4. Réactions possibles du Canada
Si la nouvelle administration impose des tarifs douaniers sur les importations en provenance du Canada, le Canada sera contraint de riposter en nature contre les importations américaines, comme il l’a fait en réponse aux tarifs douaniers imposés en application de l’article 232 par la première administration Trump sur l’acier et l’aluminium canadiens. Les représentants et les entreprises du Canada auront besoin de s’engager de manière soutenue auprès de leurs homologues américains, en particulier dans les régions des États-Unis qui seront économiquement sensibles aux représailles commerciales du Canada ou qui dépendent des intrants canadiens. Il s’agit notamment des entreprises des États de la région des Grands Lacs, de celles de la Californie et de celles qui dépendent des importations d’énergie en provenance du Canada.
Le Canada peut éventuellement améliorer ses relations commerciales et renforcer ses liens économiques avec d’autres partenaires commerciaux qui seront dans la même situation que les États-Unis, tels que l’UE, le Japon et la Corée du Sud. Dans le passé, les efforts du Canada pour diversifier ses échanges et réduire sa dépendance à l’égard des États-Unis ont généralement échoué et ont souffert d’un manque d’ambition et d’engagement soutenus. Toutefois, l’effondrement des idées reçues sur la fiabilité des États-Unis en tant que partenaire commercial pourrait donner un nouvel élan à l’élargissement de l’accès du Canada à d’autres marchés, un élan qui aurait plus de chances de surmonter l’attraction gravitationnelle du voisin le plus proche et le plus riche du Canada.

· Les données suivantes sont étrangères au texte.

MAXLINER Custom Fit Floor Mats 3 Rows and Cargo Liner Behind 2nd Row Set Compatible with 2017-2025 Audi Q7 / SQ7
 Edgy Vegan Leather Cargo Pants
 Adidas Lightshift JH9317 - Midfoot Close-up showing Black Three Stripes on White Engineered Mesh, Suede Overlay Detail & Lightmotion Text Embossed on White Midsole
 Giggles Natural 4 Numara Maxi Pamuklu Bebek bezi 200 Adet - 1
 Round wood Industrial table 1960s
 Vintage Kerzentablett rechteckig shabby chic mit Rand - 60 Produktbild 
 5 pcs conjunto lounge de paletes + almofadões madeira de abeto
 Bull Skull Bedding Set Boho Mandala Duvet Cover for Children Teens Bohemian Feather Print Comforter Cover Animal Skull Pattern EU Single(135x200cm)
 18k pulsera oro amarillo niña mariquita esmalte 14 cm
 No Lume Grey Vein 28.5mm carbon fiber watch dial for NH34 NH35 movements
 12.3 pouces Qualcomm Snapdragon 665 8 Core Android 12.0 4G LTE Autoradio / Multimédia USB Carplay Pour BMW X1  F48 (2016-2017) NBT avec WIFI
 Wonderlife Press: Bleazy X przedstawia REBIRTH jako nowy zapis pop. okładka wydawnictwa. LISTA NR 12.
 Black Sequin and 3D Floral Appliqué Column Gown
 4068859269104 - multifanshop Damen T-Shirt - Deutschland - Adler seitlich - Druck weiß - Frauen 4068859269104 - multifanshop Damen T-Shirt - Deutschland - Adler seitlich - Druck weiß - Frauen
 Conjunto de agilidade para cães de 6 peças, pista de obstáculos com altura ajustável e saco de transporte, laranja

Il est également probable que des pressions politiques s’exercent au Canada pour que des mesures de soutien soient prises au profit des travailleurs et des entreprises touchés par les tarifs douaniers américains ou par une guerre commerciale générale. Dans la mesure où ce soutien prend la forme de subventions, il risque d’être contesté par les partenaires commerciaux du Canada, y compris les États-Unis eux-mêmes.
Conclusion
Le Canada ne sera pas le seul pays à subir les conséquences d’un changement de la politique commerciale des États-Unis. Toutefois, ses liens économiques particulièrement étroits avec les États-Unis et sa dépendance à l’égard des exportations le rendent particulièrement vulnérable. Cette vulnérabilité est exacerbée par le solde traditionnellement négatif des investissements étrangers nets et par l’écart croissant entre les investissements directs du Canada vers les États-Unis et ceux des États-Unis vers le Canada. Face à ce défi, les entreprises canadiennes devraient s’inspirer de leur expérience lors du premier mandat de Trump à la présidence et se préparer à naviguer à travers des eaux encore plus orageuses au cours des prochaines années.